• **Stored data entries**:
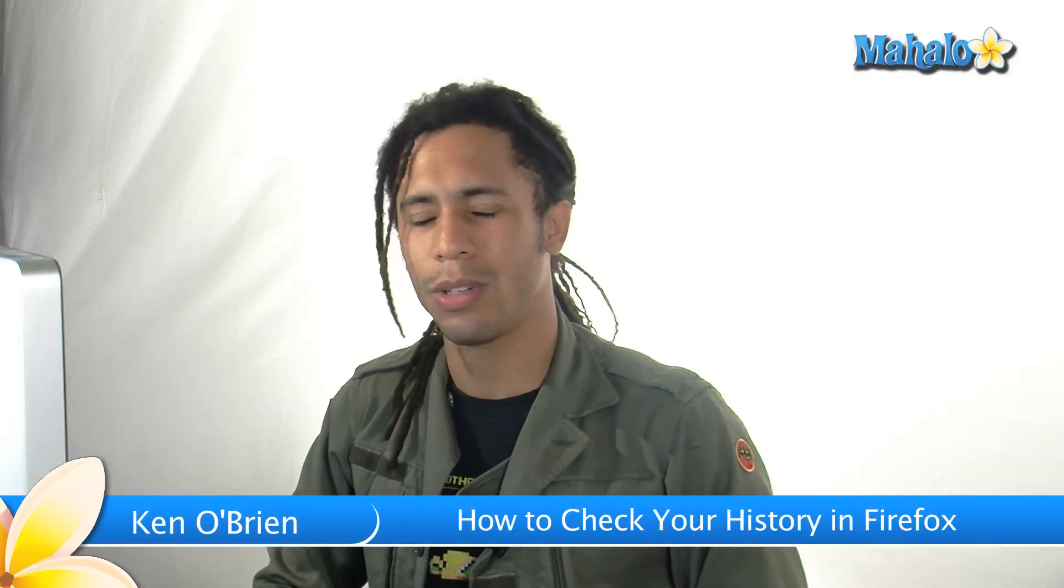Now, we've got a cool topic today. We're talking about history. History is a cool feature in Firefox.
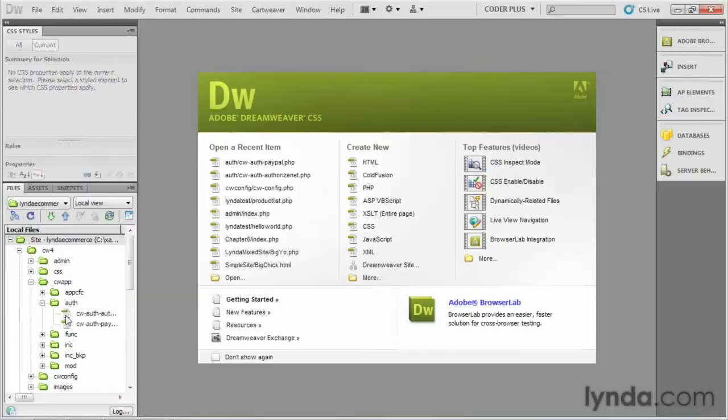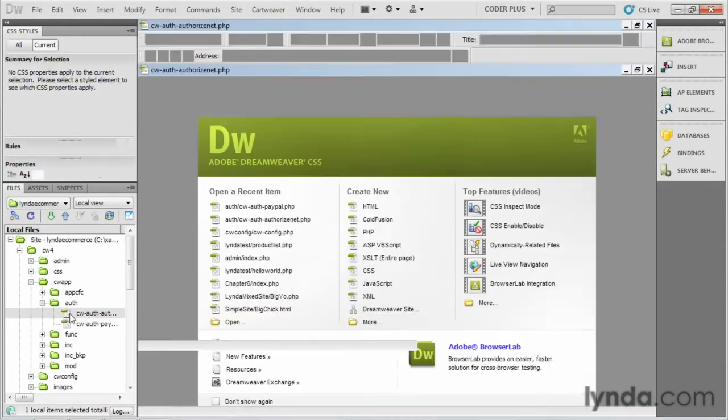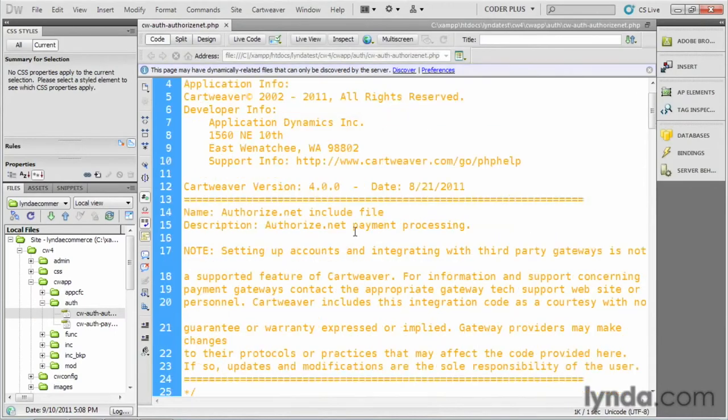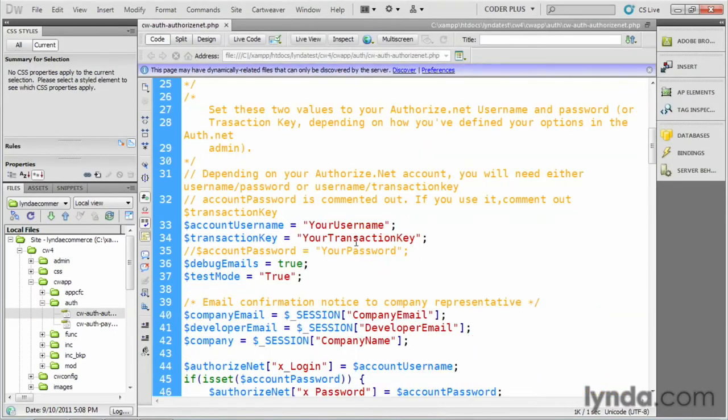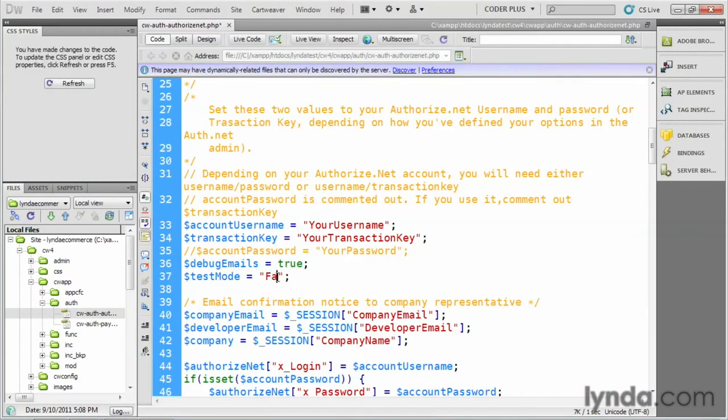So let's do that. And again, let's say we're using AuthorizeNet. So we'll scroll down here and we'll set this to false, like that. And then you would save this.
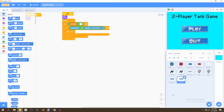Welcome to the final part in the seven-part tutorial series. In this video, we'll be adding power-ups into the game. We'll be adding three different power-ups: a speed power-up, a size reduction power-up, and a power-up that decreases the time on the bullet timer. So let's begin.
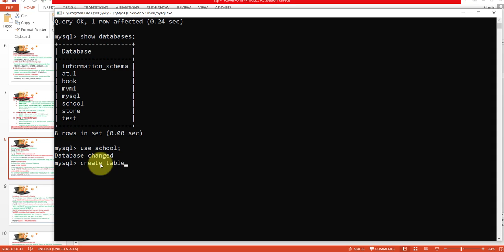Now I will create the table. For this you have to use the CREATE TABLE statement: CREATE TABLE student — this is my table name. Now I will open parenthesis and write all the fields. My first field is last name, and its data type is VARCHAR, meaning variable character.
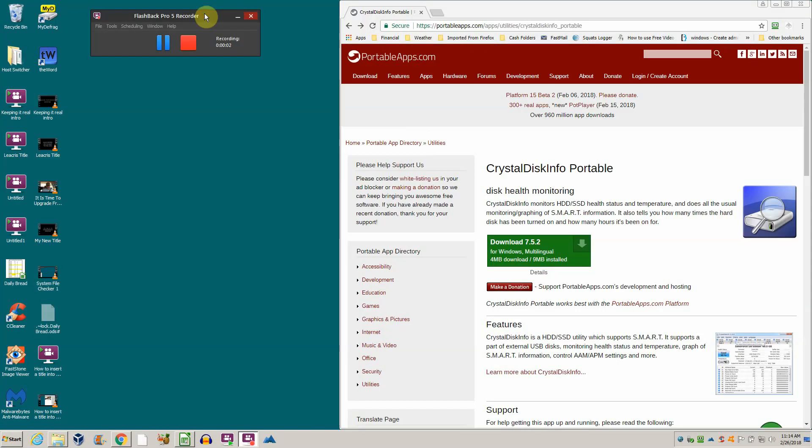Hey, this is Chris. I'm going to be going over a very handy hard disk drive utility today. It's called CrystalDiskInfo Portable.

• **Your instructions**:
Every record above should be duplicated precisely, with the images removed.

• **Reply to the exercise**:
Now, we've got a cool topic today. We're talking about history. History is a cool feature in Firefox.
So let's do that. And again, let's say we're using AuthorizeNet. So we'll scroll down here and we'll set this to false, like that. And then you would save this.
Welcome to the final part in the seven-part tutorial series. In this video, we'll be adding power-ups into the game. We'll be adding three different power-ups: a speed power-up, a size reduction power-up, and a power-up that decreases the time on the bullet timer. So let's begin.
Now I will create the table. For this you have to use the CREATE TABLE statement: CREATE TABLE student — this is my table name. Now I will open parenthesis and write all the fields. My first field is last name, and its data type is VARCHAR, meaning variable character.
Hey, this is Chris. I'm going to be going over a very handy hard disk drive utility today. It's called CrystalDiskInfo Portable.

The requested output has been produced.